- WHAT IS NEEDED -
Print the material below exactly as it stands, please, from its first line to the line holding "BalikSecrets's tweet photo.", with no pictures.

= = = = =

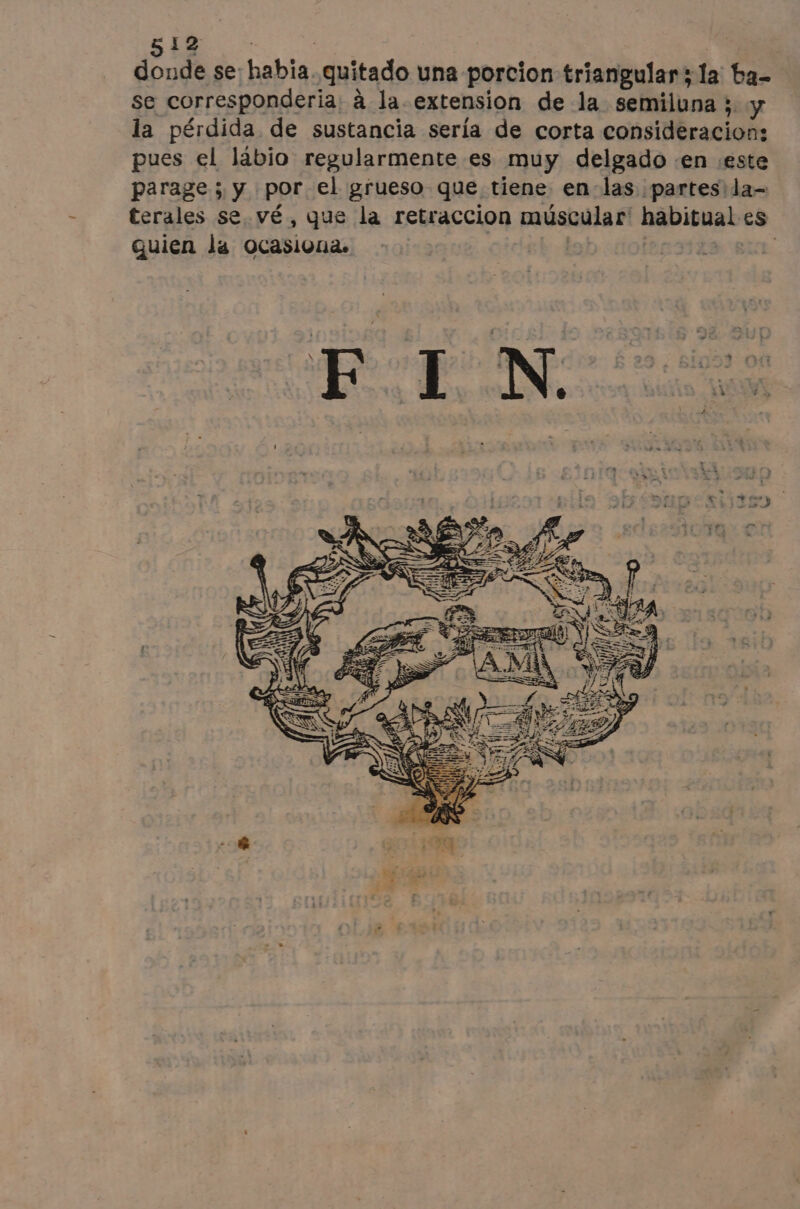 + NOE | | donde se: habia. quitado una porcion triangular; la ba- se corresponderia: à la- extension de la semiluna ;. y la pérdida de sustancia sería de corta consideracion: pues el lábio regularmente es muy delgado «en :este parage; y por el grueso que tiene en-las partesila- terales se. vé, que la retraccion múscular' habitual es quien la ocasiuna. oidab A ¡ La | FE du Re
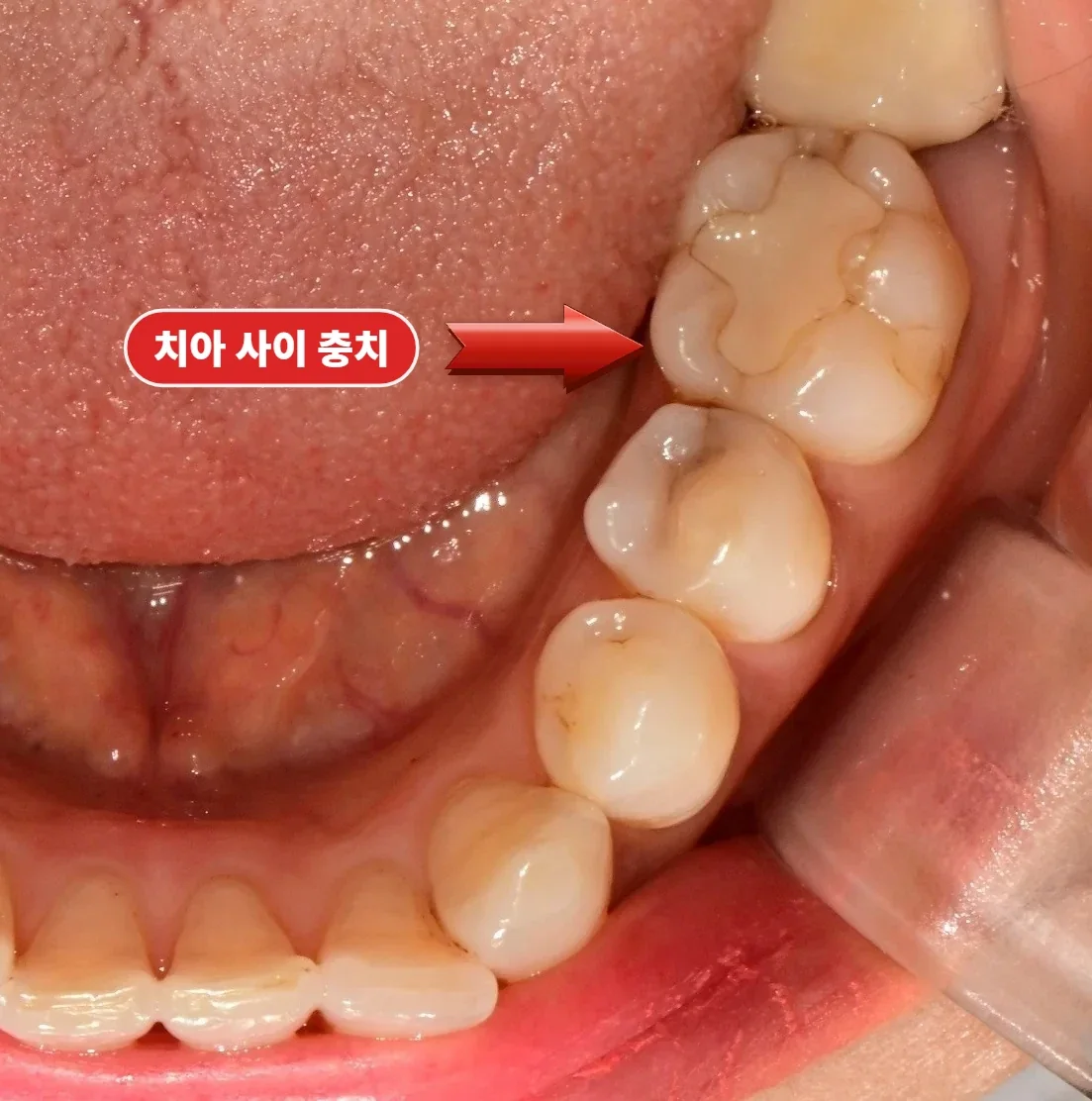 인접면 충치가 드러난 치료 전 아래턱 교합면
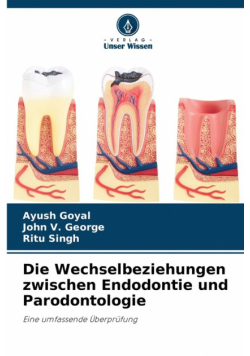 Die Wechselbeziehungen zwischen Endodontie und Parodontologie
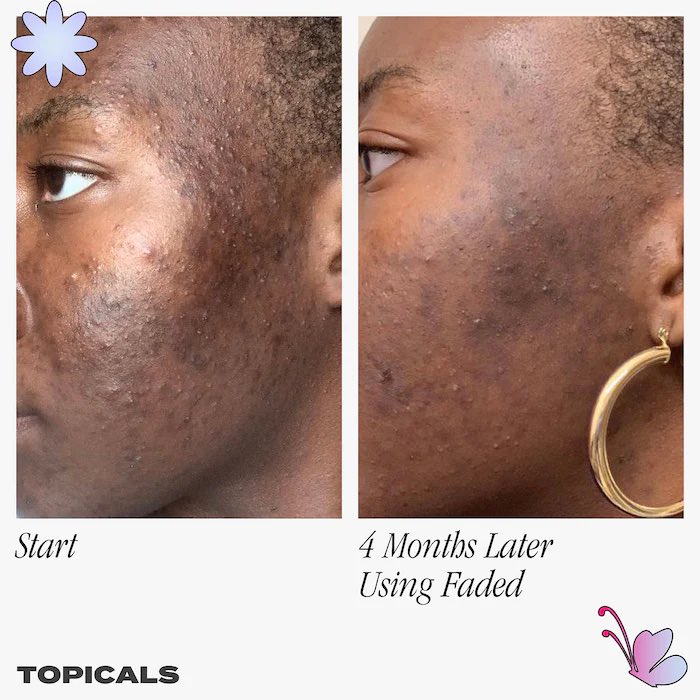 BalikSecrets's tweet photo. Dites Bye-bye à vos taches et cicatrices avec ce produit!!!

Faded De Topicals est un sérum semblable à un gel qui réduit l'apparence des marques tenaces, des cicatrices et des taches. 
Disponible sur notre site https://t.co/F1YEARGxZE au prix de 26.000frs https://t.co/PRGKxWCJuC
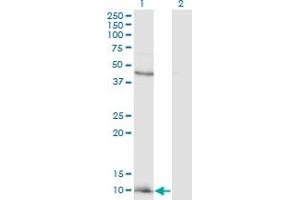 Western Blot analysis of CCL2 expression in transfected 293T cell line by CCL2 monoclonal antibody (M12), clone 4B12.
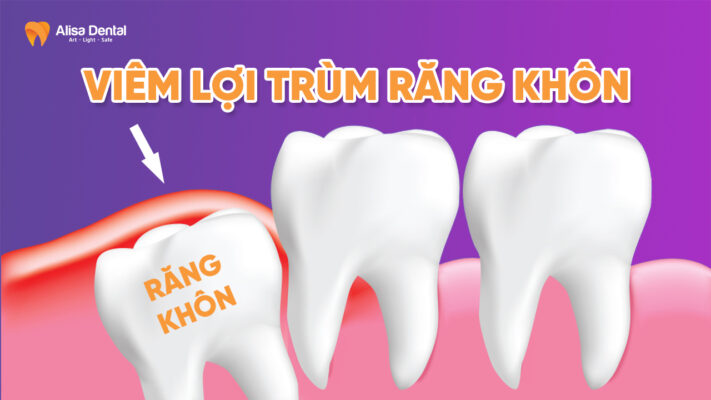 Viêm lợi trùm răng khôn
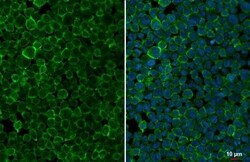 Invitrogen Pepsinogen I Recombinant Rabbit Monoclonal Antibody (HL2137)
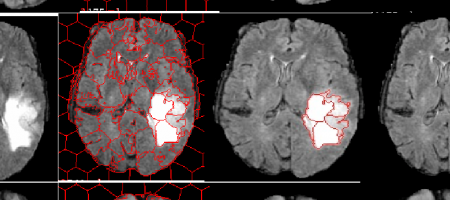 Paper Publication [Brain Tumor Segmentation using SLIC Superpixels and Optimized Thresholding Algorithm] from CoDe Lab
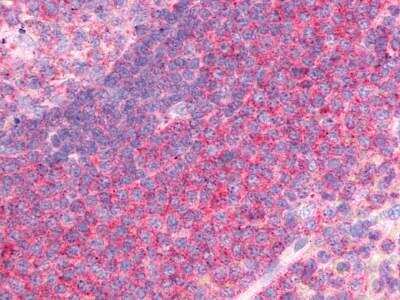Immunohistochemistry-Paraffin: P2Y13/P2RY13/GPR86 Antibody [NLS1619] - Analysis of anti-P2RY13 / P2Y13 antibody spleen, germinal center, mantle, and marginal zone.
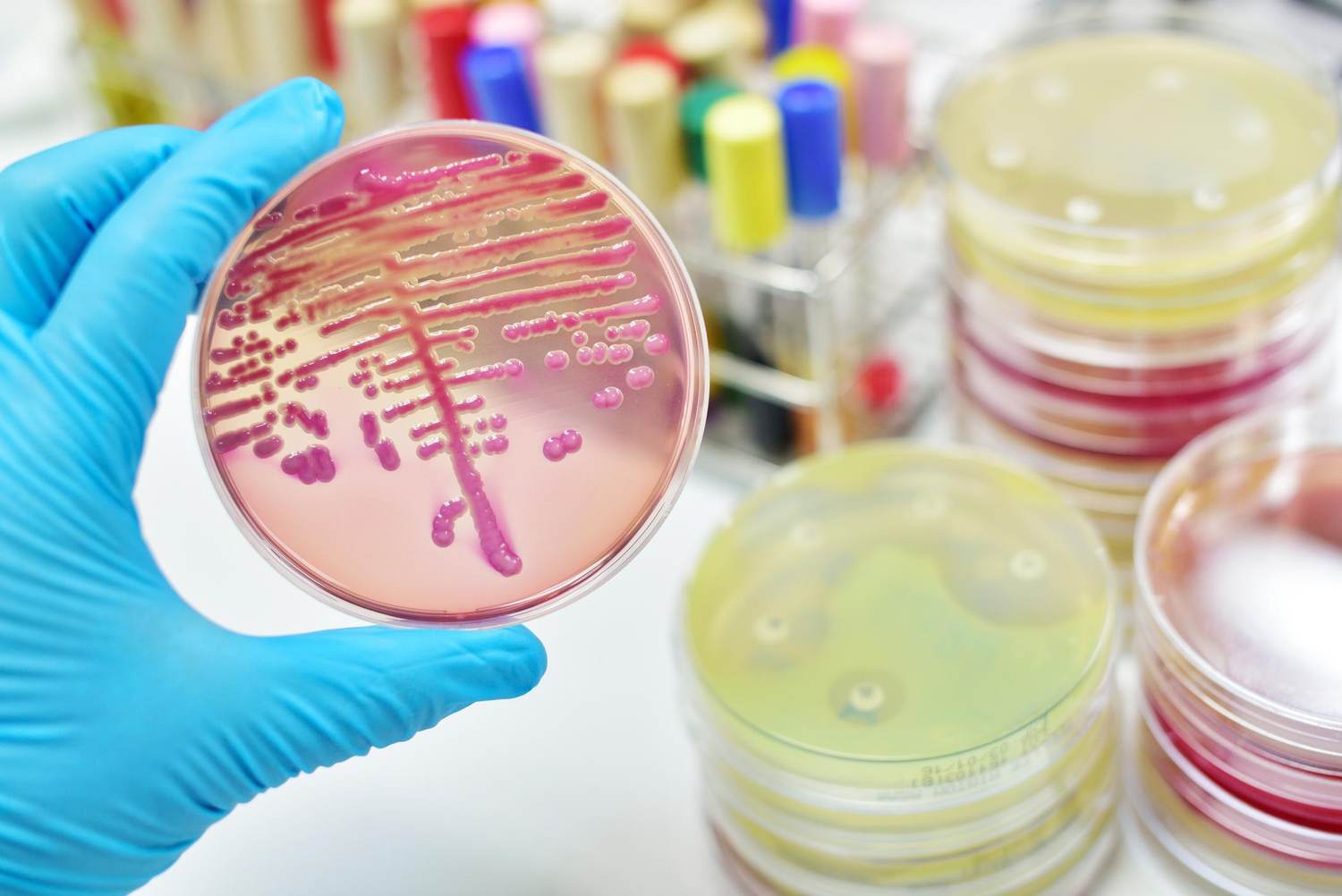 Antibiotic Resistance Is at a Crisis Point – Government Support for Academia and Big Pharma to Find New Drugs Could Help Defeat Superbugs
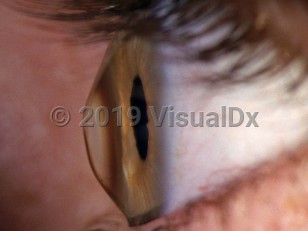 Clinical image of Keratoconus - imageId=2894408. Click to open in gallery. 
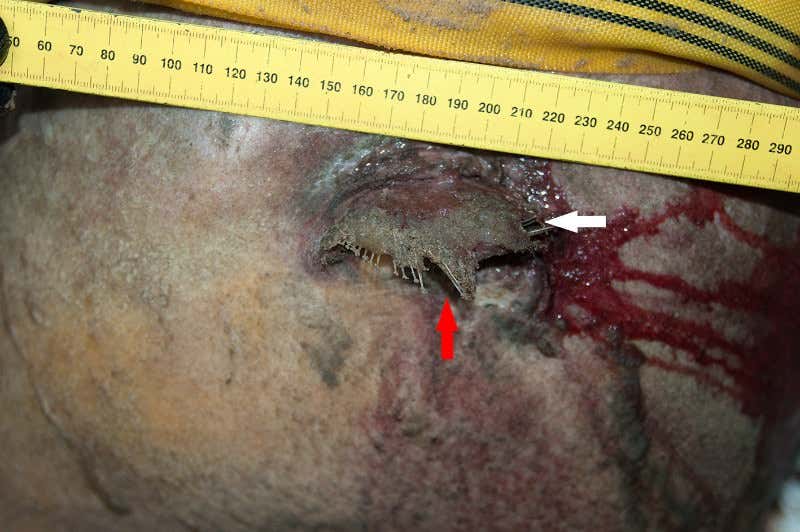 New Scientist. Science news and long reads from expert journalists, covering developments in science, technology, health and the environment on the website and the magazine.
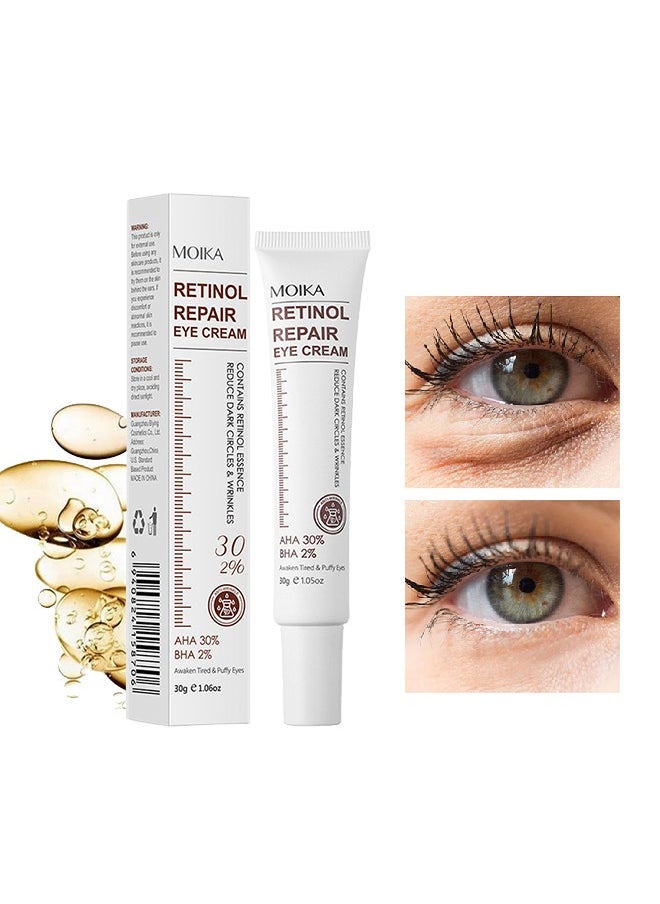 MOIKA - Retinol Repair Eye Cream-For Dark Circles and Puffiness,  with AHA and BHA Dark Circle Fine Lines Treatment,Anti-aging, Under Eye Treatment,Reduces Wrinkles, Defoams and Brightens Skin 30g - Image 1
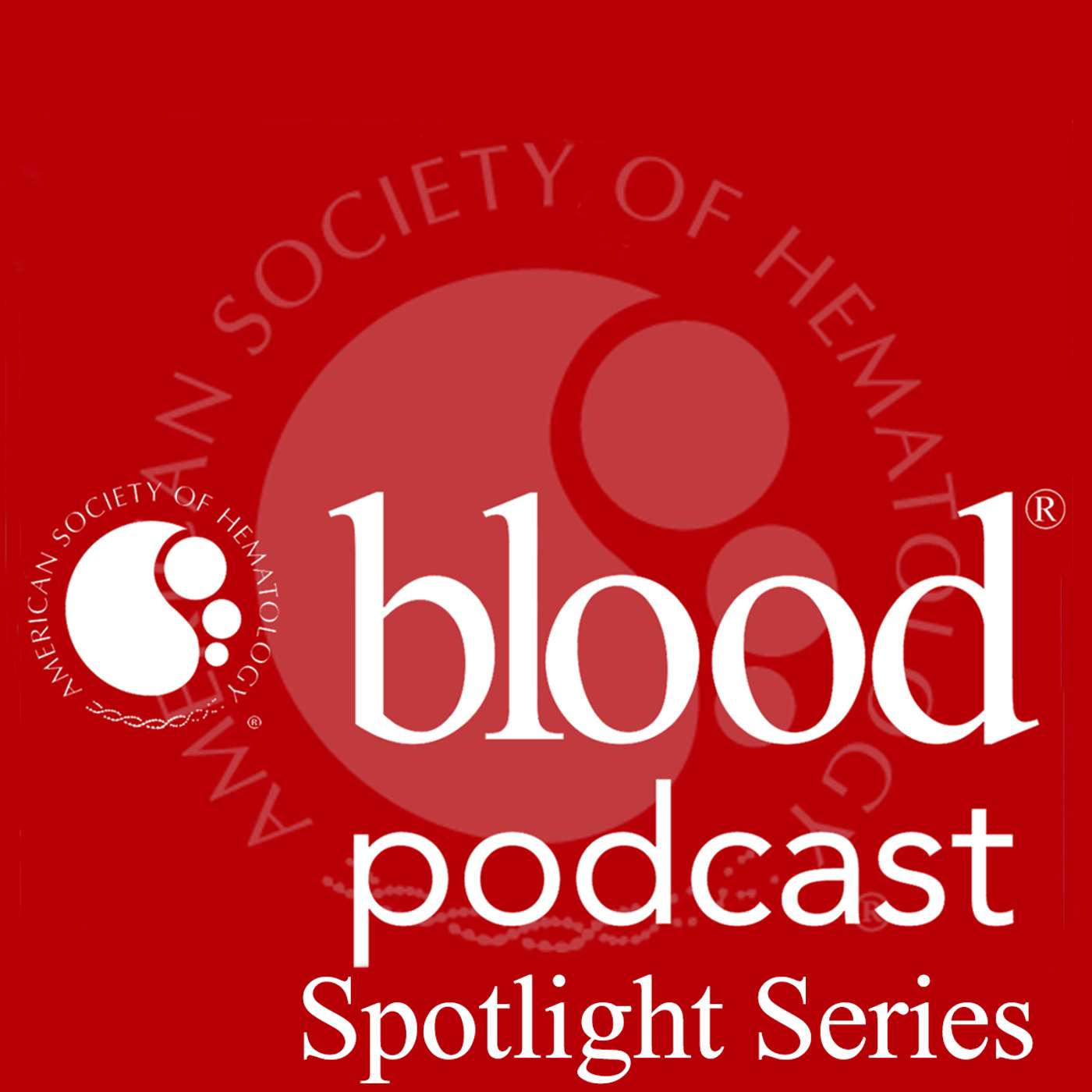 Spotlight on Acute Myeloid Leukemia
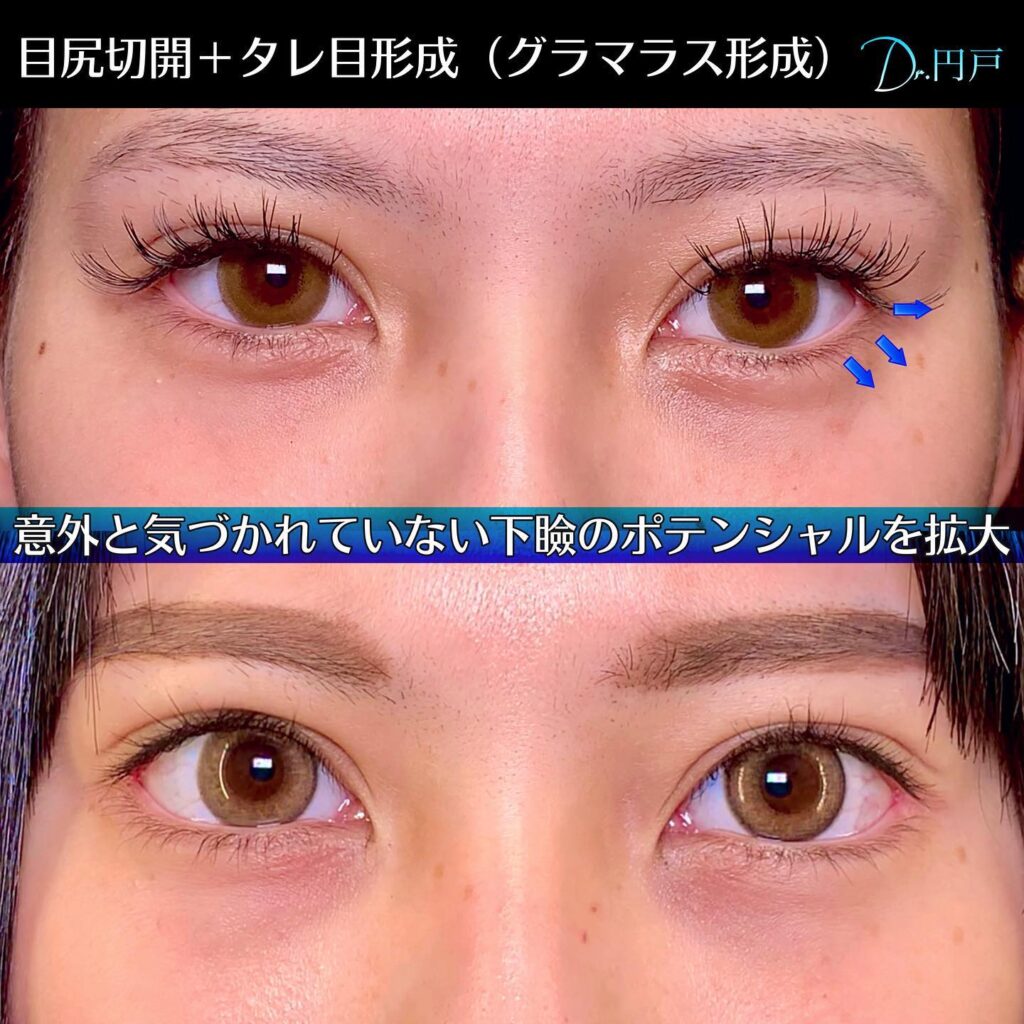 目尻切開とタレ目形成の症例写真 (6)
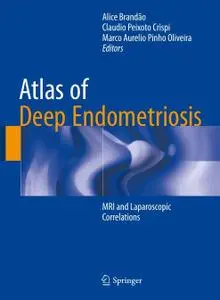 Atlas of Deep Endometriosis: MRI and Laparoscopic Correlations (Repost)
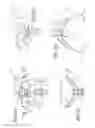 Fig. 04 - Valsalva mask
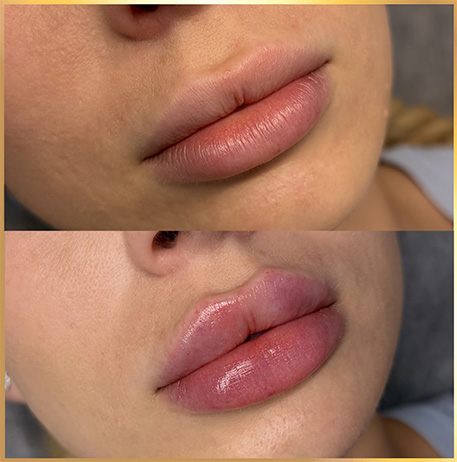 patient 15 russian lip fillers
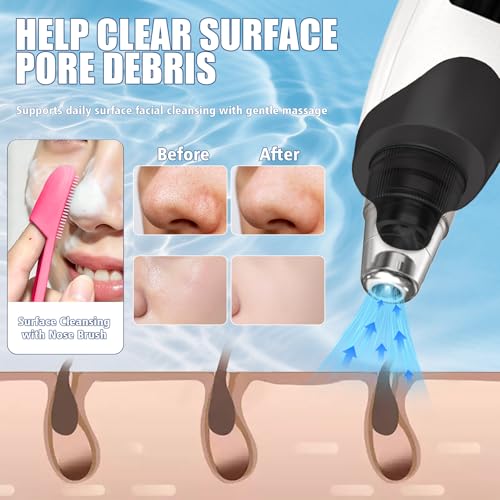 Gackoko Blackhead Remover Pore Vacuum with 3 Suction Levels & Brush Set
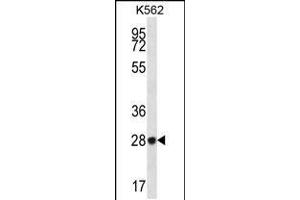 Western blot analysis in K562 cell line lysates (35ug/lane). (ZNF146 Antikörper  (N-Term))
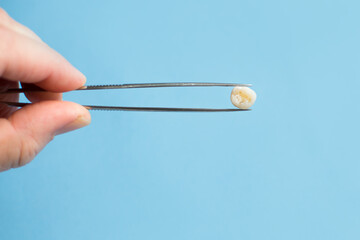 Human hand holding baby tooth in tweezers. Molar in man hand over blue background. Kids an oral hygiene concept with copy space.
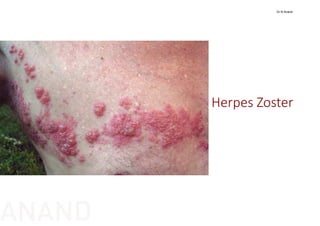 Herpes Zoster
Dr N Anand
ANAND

= = = = =

- YOUR RESPONSE -
 + NOE | | donde se: habia. quitado una porcion triangular; la ba- se corresponderia: à la- extension de la semiluna ;. y la pérdida de sustancia sería de corta consideracion: pues el lábio regularmente es muy delgado «en :este parage; y por el grueso que tiene en-las partesila- terales se. vé, que la retraccion múscular' habitual es quien la ocasiuna. oidab A ¡ La | FE du Re
 인접면 충치가 드러난 치료 전 아래턱 교합면
 Die Wechselbeziehungen zwischen Endodontie und Parodontologie
 BalikSecrets's tweet photo. Dites Bye-bye à vos taches et cicatrices avec ce produit!!!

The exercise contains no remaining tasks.